At Emdalo Technologies, we specialize in Artificial Intelligence solutions at the Edge.
Over the past year or two, we decided to explore RISC-V, the free and open Instruction Set Architecture (ISA) that’s taking the semiconductor industry by storm. In particular, we were curious about how we would use this architecture with some of our Edge AI solutions.
Rather than being an open source processor, RISC-V is an open source processor specification.
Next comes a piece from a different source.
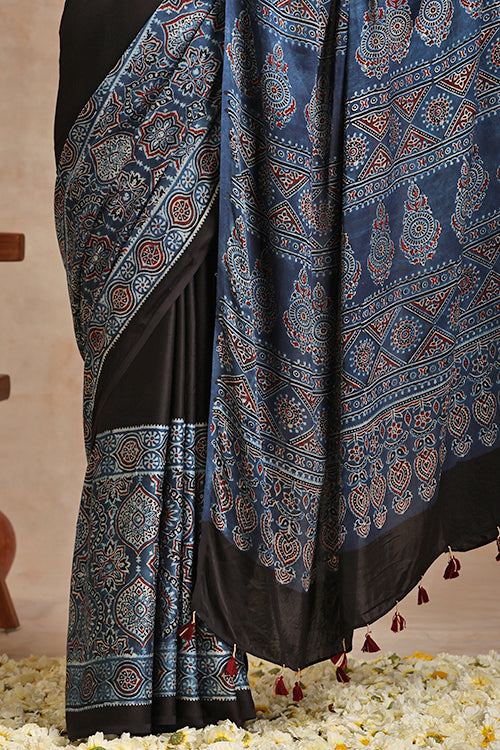 Tenaaro Ajrakh Hand Block Printed   Modal Saree (Indigoblue-4)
This in itself is very interesting because it serves to break processor lock-in, and opens a rich ecosystem to anybody wanting to build a new processor to support it, and fosters innovation and experimentation in its openness.
The platform of SiFive’s HiVie Unleashed board in conjunction with Microsemi’s HiFive Unleased Expansion board provides an interest desktop-like environment on which to develop applications for RISC-V. Western Digital have released a tutorial describing how to get Fedora’s Gnome Desktop running on RISC-V. We've had success in getting a Debian environment running using similar hardware.
Another favorite technology of ours is “The Microsoft Cognitive Toolkit”, previously known as the CNTK. The Cognitive toolkit has a number of desirable attributes when compared to incumbant frameworks, such as supporting both CPU and GPU variants, cross platform (Linux, Windows, x86, ARM64), bindings for multiple languages, strong support for the Open Neural Network Exchange (ONNX) format, and blazingly fast parallelizable training. Additionally, being later to the game, it has benefitted from stepping over mistakes previous toolkits have made, resulting in a clean and easy to use API. The Cognitive Toolkit has improved release after release, and it now has a thriving community with lots of examples for various types of network.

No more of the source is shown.